In November 1963, President Lyndon B. Johnson called on a reluctant Warren to serve as a member of the special committee to investigate the assassination of President John F. Kennedy. When first approached by the Attorney General Robert Kennedy (brother to the slain president), Warren declined. He was concerned that such service would tarnish the Court's legitimacy. But in [a] secretly recorded telephone call, Johnson explained to Sen. Richard Russell how he persuaded Warren to serve.

In a public address following his retirement for the Court, Warren articulated his strong commitment to the principle of equality and admonished Americans that they face continued strife and upheaval by failing to heed the rightful demands for equality.

From Wikipedia:

[H]is tenure as Chief Justice was as divisive as his governorship was unifying. Liberals generally hailed the landmark rulings issued by the Warren Court, rulings affecting, among other things, the legal status of racial segregation, civil rights, separation of church and state, and police arrest procedure in the United States. But conservatives decried the Court's rulings, particularly in areas affecting criminal proceedings.

In the years that followed, the Warren Court became recognized as a high point in the use of the judicial power in the effort to effect social progress in the U.S. and Warren himself became widely regarded as one of the most influential Supreme Court justices in the history of the United States and perhaps the single most important in the 20th century (and certainly its most controversial).

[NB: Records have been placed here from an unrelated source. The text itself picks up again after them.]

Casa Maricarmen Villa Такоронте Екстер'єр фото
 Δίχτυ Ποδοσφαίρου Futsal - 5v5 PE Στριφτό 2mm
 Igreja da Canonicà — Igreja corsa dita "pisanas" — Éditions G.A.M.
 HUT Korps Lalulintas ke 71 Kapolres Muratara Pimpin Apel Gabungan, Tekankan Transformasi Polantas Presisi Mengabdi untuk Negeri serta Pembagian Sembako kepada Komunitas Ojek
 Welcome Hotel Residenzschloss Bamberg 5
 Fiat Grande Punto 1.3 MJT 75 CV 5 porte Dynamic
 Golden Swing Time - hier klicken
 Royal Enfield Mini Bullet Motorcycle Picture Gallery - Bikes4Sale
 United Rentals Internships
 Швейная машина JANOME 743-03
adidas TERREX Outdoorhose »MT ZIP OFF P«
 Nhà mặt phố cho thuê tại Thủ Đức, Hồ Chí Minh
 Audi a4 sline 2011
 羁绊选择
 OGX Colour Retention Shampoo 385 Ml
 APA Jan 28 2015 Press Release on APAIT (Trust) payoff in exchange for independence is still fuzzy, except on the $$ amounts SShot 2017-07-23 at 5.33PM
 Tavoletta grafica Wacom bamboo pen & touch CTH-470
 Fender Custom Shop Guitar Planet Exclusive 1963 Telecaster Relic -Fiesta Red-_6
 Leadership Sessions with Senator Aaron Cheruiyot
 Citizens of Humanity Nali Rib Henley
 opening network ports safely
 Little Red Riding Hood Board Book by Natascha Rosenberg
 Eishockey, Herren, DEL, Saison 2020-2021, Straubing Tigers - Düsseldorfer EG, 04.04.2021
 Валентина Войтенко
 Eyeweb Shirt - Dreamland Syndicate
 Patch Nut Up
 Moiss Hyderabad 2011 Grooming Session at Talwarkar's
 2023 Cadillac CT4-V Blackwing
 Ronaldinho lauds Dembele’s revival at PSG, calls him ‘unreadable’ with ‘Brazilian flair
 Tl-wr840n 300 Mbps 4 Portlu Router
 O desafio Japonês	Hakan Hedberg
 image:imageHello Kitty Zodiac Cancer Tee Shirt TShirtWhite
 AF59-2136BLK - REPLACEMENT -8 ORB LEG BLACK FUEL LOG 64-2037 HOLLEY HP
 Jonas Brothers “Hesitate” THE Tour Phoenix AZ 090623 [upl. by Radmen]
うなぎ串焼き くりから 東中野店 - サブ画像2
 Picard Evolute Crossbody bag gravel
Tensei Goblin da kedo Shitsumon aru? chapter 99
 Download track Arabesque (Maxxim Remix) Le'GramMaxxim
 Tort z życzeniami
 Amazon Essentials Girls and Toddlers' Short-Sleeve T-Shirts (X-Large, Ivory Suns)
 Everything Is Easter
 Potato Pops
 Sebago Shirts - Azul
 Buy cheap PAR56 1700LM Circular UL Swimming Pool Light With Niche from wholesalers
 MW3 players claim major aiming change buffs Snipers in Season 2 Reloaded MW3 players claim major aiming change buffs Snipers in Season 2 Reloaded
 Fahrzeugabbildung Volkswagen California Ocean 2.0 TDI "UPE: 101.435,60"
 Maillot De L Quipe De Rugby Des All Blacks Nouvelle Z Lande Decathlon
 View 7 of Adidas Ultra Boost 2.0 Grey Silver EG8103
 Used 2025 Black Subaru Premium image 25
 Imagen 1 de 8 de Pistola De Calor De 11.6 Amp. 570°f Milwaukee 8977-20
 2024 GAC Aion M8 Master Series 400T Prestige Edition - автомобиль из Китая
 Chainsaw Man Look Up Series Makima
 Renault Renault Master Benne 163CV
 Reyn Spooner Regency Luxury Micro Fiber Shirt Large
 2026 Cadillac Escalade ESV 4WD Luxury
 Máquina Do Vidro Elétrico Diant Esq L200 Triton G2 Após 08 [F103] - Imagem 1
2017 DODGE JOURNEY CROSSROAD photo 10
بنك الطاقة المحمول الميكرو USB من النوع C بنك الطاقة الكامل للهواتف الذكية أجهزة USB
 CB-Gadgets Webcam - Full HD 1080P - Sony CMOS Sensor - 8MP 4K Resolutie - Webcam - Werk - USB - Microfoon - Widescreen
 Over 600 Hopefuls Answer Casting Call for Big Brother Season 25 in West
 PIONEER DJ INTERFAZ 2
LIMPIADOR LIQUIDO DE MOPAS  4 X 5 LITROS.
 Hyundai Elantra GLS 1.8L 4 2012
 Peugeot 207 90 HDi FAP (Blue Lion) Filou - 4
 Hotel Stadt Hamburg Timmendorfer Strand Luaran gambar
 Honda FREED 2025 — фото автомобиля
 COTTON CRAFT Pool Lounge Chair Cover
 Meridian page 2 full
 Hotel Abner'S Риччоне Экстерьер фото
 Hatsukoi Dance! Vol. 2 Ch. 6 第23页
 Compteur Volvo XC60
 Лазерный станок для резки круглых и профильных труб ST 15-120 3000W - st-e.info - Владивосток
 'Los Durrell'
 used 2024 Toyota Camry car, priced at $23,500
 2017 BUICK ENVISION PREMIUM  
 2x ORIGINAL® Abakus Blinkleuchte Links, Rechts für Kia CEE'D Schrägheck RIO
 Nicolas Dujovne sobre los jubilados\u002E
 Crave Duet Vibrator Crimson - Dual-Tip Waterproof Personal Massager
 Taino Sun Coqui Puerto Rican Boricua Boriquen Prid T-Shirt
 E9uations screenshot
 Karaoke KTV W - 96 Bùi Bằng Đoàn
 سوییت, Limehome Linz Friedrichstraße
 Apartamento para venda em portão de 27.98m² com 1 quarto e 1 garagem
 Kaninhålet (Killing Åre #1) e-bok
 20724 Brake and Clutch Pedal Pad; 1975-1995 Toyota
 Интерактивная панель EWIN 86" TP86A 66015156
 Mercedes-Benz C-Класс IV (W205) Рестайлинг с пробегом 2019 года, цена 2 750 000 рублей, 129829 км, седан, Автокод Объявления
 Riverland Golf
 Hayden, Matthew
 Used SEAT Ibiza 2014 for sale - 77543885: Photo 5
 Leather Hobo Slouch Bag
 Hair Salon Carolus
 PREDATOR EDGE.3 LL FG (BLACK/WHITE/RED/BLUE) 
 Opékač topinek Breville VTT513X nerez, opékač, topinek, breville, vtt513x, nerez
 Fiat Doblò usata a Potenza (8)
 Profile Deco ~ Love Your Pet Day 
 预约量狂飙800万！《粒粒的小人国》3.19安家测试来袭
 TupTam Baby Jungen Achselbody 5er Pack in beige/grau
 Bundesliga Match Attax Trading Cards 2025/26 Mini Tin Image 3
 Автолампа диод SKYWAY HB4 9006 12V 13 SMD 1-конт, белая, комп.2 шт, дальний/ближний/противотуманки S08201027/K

For more from Wikipedia.....

And the
Warren College has a biography as well......

Toby O'B

1 comment:

Brent McKee said...

Of absolutely no importance, but interesting none the less, is the fact that Earl Warren was the father-in-law of news man and What's My Line host John Charles Daly. Daly's second wife was Warren's daughter Virginia. Daly had also been the radio host of the program CBS Was There which on TV became You Are There which is a round-about link to Paul Newman.